◆ The task
Pictures stay out of this copy, which runs from the first line of the material through the line containing "Xylota Handyhülle für".
___ Records for this task
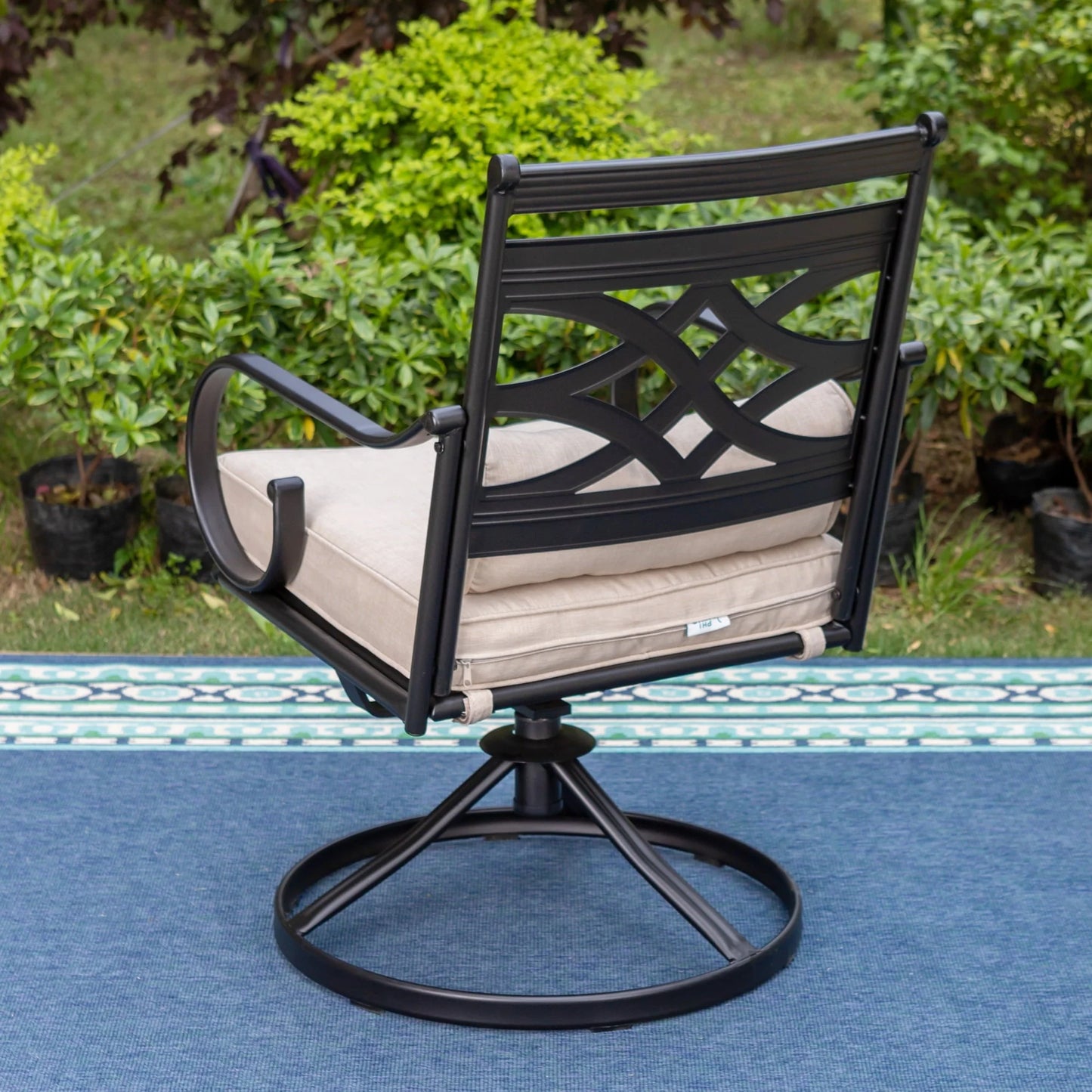 MF Studio 5 Pieces Patio Dining Set 1 Piece Metal Round Table & 4 Pieces Outdoor Swivel Chairs with Cushion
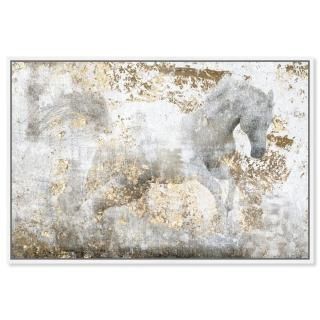 Country Farmhouse Canvas Print Painting Animal Wall Art 'Running Horse' White Fr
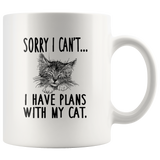Sorry I Can’t I Have Plans With My Cat Cute Cat Lover White Coffee Mug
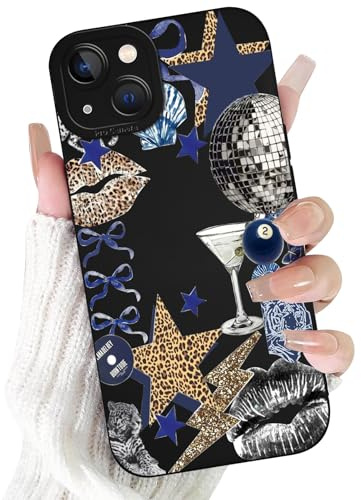 Xylota Handyhülle für iPhone 13 6,1'' Hülle, Aesthetic Leopard Muster Design Schutzhülle, Süßes Vintage Weiche TPU Stoßfeste Silikon Men Mädchen Frauen Kratzfest Kameraschutz Case, Sterne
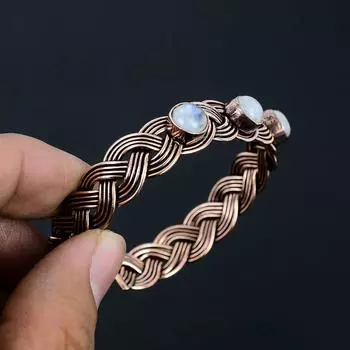 Радужный лунный камень, драгоценный камень ручной работы из чистой медной проволоки, ювелирные изделия, прекрасный браслет для любви Adjustable белый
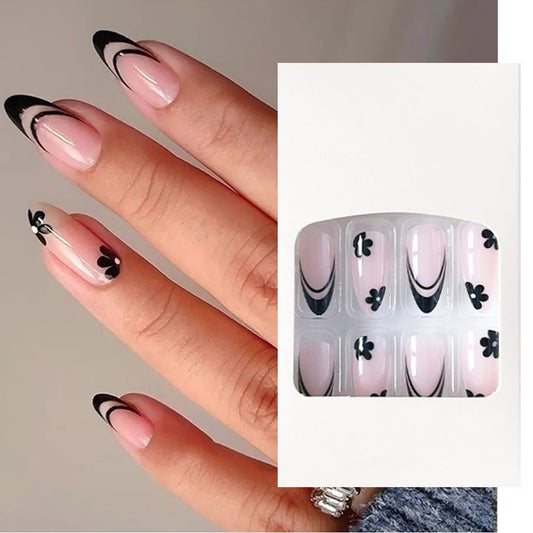 S.A.V.I 24Pc French Manicure Press-On Nails - Elegant Long Floral Black  Nude Fake Nails Set  Amazon.in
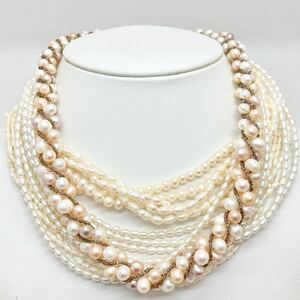 「淡水パールネックレス5点おまとめ」m 約156g 真珠 ケシ バロック ベビー pearl Pearl necklace jewelry silver DA0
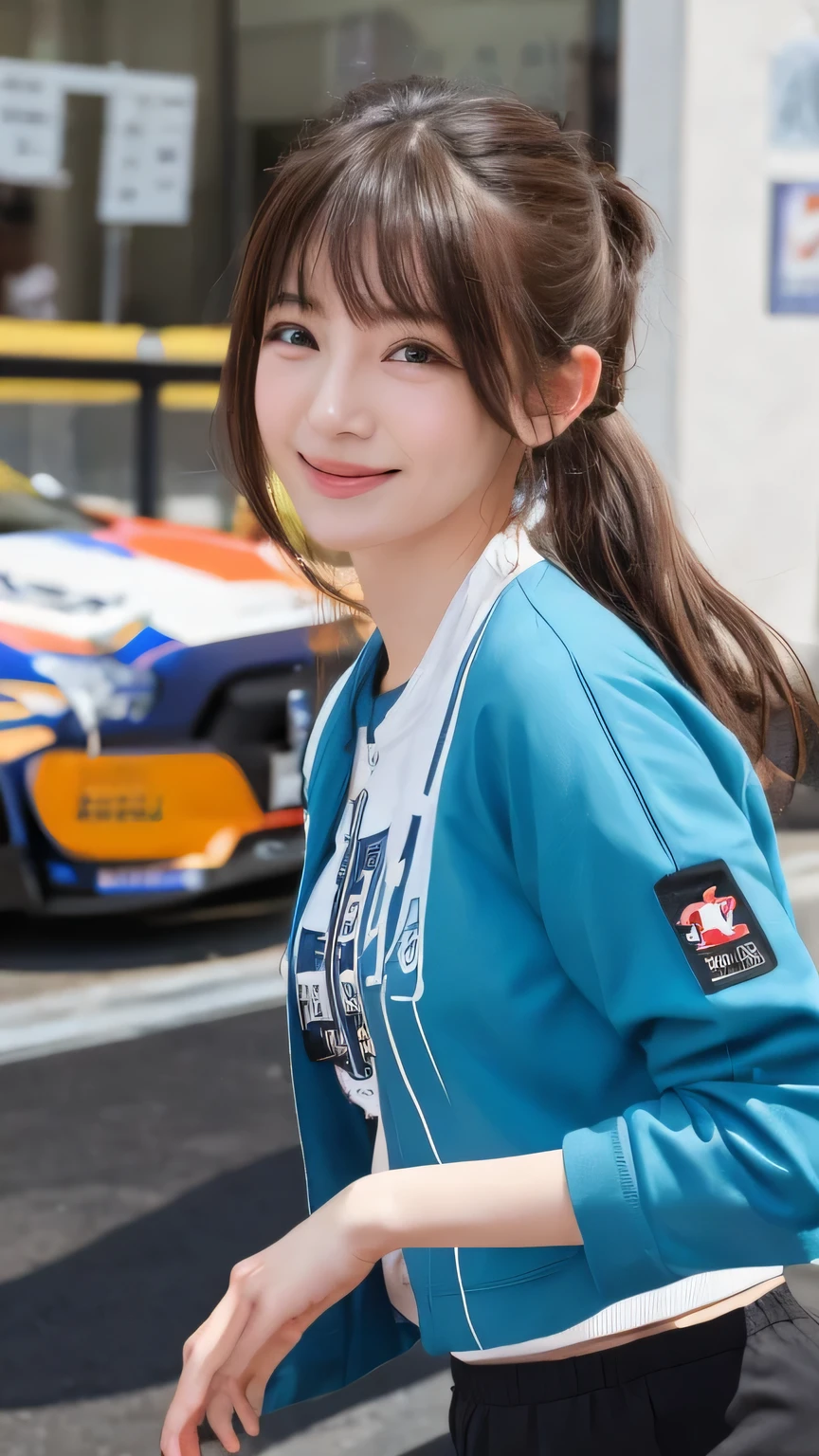 Best image quality (8k, High resolution, masterpiece: 1.2), Very detailed, Random Hairstyles, 26-year-old woman,
Extraordinary beautiful girl、Cute and beautiful face details、(Dealing with the Children_v1:0.008)、
score_9, score_8_upper, score_7_upper,
A Nissan GT-R running on the circuit
Situation: The moment a Nissan GT-R races at high speed on the circuit。Tire smoke and reflections on the car body create a sense of speed。
Camera angle: Expressing speed with a panning shot from the side、Blur the background。
,Active stop temporarily ,
On her side、The thunder danced。
Focus on the upper waist
, Random cute poses ,Big eyes ,Puffy eyes , Heart pupil, blush , Big shy smile , salute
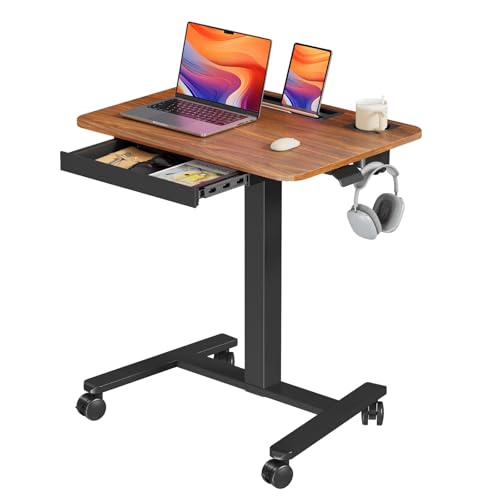 Mobile Standing Desk with Drawer, 28" Rolling Desk with Cup Holder and Hooks, Portable Laptop Workstation on Wheels, Height Adjustable Cart with Storage for Home Office, Dark Wood - color: Dark Wood, size: 28"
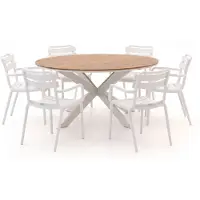 Forza furniture + 10% kassakorting | Forza Vico/Fidenza ø149cm dining tuinset 7-delig stapelbaar
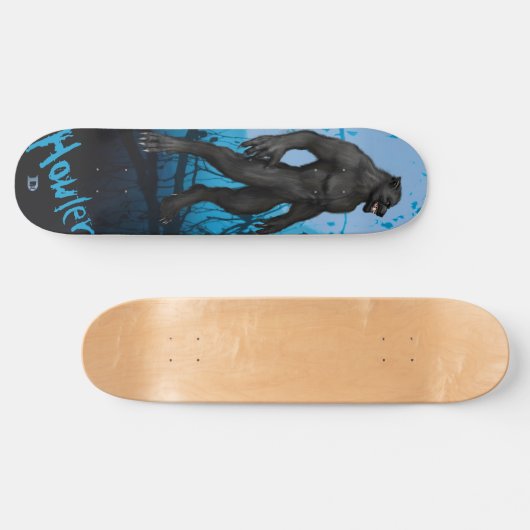 Werewolf auf Blue D Brand Skateboard (Horizontal)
______
◆ Exercise answer
 MF Studio 5 Pieces Patio Dining Set 1 Piece Metal Round Table & 4 Pieces Outdoor Swivel Chairs with Cushion
 Country Farmhouse Canvas Print Painting Animal Wall Art 'Running Horse' White Fr
Sorry I Can’t I Have Plans With My Cat Cute Cat Lover White Coffee Mug
 Xylota Handyhülle für iPhone 13 6,1'' Hülle, Aesthetic Leopard Muster Design Schutzhülle, Süßes Vintage Weiche TPU Stoßfeste Silikon Men Mädchen Frauen Kratzfest Kameraschutz Case, Sterne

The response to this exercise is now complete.